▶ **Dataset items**

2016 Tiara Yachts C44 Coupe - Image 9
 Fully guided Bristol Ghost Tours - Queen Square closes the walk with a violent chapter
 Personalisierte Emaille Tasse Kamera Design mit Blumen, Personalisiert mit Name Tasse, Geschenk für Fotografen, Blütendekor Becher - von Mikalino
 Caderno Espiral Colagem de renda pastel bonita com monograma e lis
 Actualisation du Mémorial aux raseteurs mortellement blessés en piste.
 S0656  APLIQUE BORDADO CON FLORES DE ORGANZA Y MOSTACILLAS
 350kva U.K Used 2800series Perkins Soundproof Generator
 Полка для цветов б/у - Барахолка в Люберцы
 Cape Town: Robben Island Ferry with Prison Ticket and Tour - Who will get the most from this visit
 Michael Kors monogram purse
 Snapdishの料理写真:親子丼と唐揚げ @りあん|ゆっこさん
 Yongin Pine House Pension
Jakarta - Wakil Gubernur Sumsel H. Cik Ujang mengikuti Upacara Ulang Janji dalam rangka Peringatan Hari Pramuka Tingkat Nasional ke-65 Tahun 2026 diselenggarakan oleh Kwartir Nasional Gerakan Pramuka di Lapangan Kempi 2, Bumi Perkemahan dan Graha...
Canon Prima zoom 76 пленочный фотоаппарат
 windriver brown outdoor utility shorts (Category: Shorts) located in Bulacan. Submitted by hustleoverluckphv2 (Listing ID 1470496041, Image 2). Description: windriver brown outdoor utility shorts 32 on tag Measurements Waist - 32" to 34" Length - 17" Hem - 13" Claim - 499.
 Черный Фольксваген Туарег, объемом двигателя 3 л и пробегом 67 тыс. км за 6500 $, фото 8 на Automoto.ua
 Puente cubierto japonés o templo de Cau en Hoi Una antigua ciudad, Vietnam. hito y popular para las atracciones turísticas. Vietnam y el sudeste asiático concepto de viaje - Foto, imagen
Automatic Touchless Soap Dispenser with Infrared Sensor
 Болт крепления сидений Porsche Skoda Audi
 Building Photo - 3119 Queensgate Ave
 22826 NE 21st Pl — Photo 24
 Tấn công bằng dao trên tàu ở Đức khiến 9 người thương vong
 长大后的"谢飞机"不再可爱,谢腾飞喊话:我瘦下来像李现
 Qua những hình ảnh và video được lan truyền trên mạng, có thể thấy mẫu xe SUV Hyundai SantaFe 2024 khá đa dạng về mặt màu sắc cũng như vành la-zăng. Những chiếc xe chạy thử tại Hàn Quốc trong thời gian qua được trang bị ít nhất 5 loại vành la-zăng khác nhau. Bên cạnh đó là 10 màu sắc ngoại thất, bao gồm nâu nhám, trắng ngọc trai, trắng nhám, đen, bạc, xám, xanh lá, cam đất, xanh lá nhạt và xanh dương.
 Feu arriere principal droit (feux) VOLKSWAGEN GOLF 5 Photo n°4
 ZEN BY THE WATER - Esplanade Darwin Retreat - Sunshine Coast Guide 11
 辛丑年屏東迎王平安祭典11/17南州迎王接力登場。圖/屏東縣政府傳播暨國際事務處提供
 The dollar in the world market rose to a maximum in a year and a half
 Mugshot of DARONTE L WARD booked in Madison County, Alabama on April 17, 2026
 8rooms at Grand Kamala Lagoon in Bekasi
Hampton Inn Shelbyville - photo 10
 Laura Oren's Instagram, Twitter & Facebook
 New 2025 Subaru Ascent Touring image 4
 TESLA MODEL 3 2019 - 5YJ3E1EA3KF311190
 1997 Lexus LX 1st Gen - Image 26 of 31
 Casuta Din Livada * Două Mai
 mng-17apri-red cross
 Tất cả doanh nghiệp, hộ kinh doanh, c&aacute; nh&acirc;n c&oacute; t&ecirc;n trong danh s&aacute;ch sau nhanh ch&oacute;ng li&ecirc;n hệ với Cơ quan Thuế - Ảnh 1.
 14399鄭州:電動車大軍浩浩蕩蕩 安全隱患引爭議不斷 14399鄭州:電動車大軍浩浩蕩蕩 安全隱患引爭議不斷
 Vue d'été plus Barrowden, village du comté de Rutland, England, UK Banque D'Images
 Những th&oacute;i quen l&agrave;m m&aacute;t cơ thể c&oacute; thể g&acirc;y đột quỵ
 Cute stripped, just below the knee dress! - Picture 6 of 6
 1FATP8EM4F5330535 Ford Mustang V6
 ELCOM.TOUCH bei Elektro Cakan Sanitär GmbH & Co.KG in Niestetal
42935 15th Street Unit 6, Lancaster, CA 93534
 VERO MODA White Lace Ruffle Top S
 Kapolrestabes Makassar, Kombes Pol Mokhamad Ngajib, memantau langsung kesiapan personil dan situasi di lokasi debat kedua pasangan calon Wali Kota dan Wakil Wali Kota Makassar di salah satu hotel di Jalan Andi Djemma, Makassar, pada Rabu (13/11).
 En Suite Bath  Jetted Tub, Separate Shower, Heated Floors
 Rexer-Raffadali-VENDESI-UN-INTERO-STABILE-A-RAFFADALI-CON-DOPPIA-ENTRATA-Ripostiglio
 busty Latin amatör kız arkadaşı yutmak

▶ **What to produce**
Give back, exactly as written, the stretch from the line with "Yongin Pine House Pension" through the line with "Canon Prima zoom 76 пленочный фотоаппарат", and no other lines from the records above.

▶ **Answer space**
 Yongin Pine House Pension
Jakarta - Wakil Gubernur Sumsel H. Cik Ujang mengikuti Upacara Ulang Janji dalam rangka Peringatan Hari Pramuka Tingkat Nasional ke-65 Tahun 2026 diselenggarakan oleh Kwartir Nasional Gerakan Pramuka di Lapangan Kempi 2, Bumi Perkemahan dan Graha...
Canon Prima zoom 76 пленочный фотоаппарат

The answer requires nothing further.